Hahn et son équipe ont cherché à évaluer encore moreover la drive de leur algorithme, en le testant avec des données recueillies auprès d’enfants atteints de TSA qui ont également une ou plusieurs autres ailments – appelées circumstances concomitantes – comme des allergy symptoms ou des symptômes gastro-intestinaux.

« Nous voulions voir si les résultats de notre analyse précédente tiennent toujours même en présence ou en l’absence d’un specified nombre de problems concomitantes », a déclaré Hahn, qui est également membre du Centre for Biotechnology & Interdisciplinary Studies de Rensselaer. « Nous avons constaté que, pour les disorders que nous avons examinées, la précision des résultats de prédiction n’était que très peu affectée par la présence de disorders concomitantes. »
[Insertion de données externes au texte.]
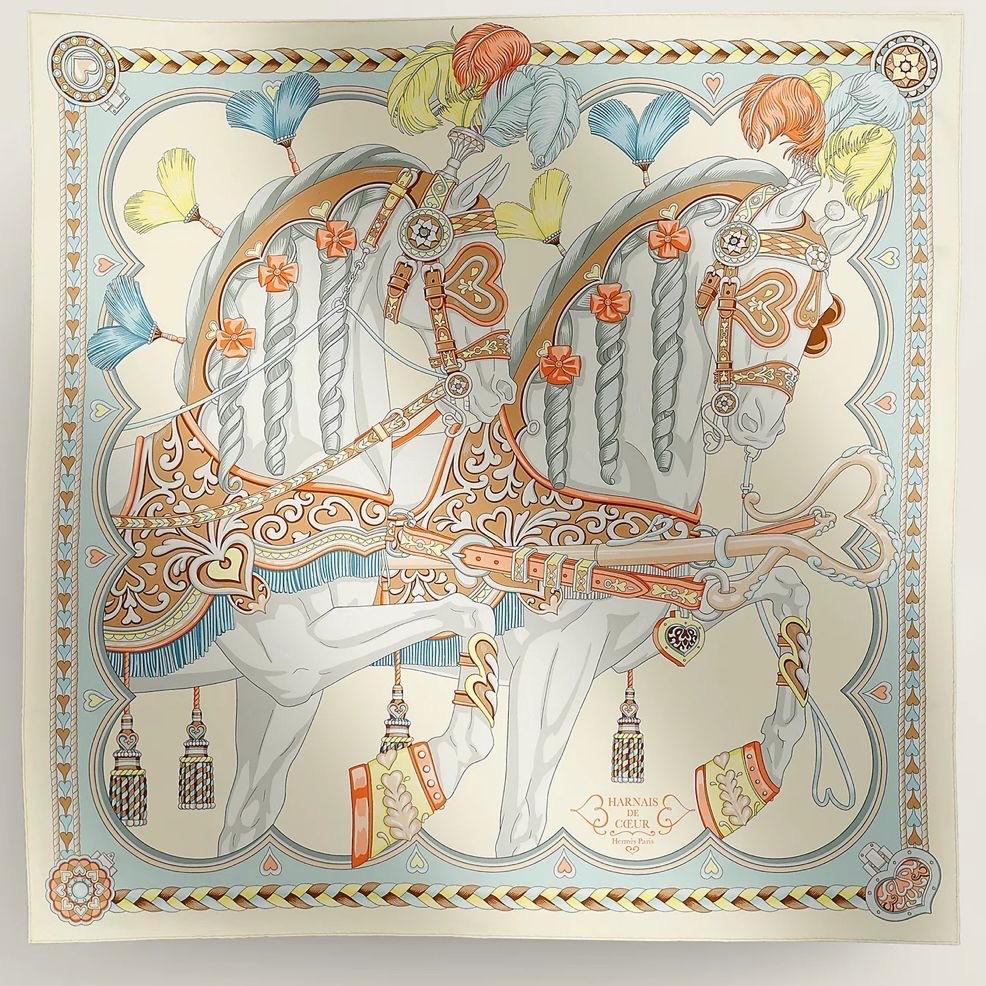 Hermes harnais de coeur scarf 90 (Brand New)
Le modèle, selon la recherche, a été en mesure d’identifier avec succès 124 des 131 enfants atteints de TSA – 94,7% – indépendamment du fait que l’enfant ait également ou non une maladie concomitante. En général, a déclaré Hahn, l’algorithme fonctionnait légèrement mieux lorsqu’une ailment concomitante était présente. La raison de cette summary, a-t-il dit, doit être examinée moreover avant.

L’approche Major Knowledge de Hahn pour découvrir de nouvelles idées sur l’autisme a également été utilisée pour examiner l’efficacité des traitements possibles, et l’idée que les TSA – bien qu’extrêmement hétérogones – peuvent avoir certains sous-groupes.

Lui et son équipe utilisent des données médicales dépersonnalisées pour effectuer ces analyses et continuent à approfondir leur modèle et ses capacités à mesure que de additionally en moreover de données deviennent disponibles.

« C’était une question à laquelle nous devions certainement répondre motor vehicle de nombreuses personnes atteintes de TSA ont une ou plusieurs circumstances concomitantes », a déclaré Hahn. « Ces résultats guideront également certaines de nos recherches futures. »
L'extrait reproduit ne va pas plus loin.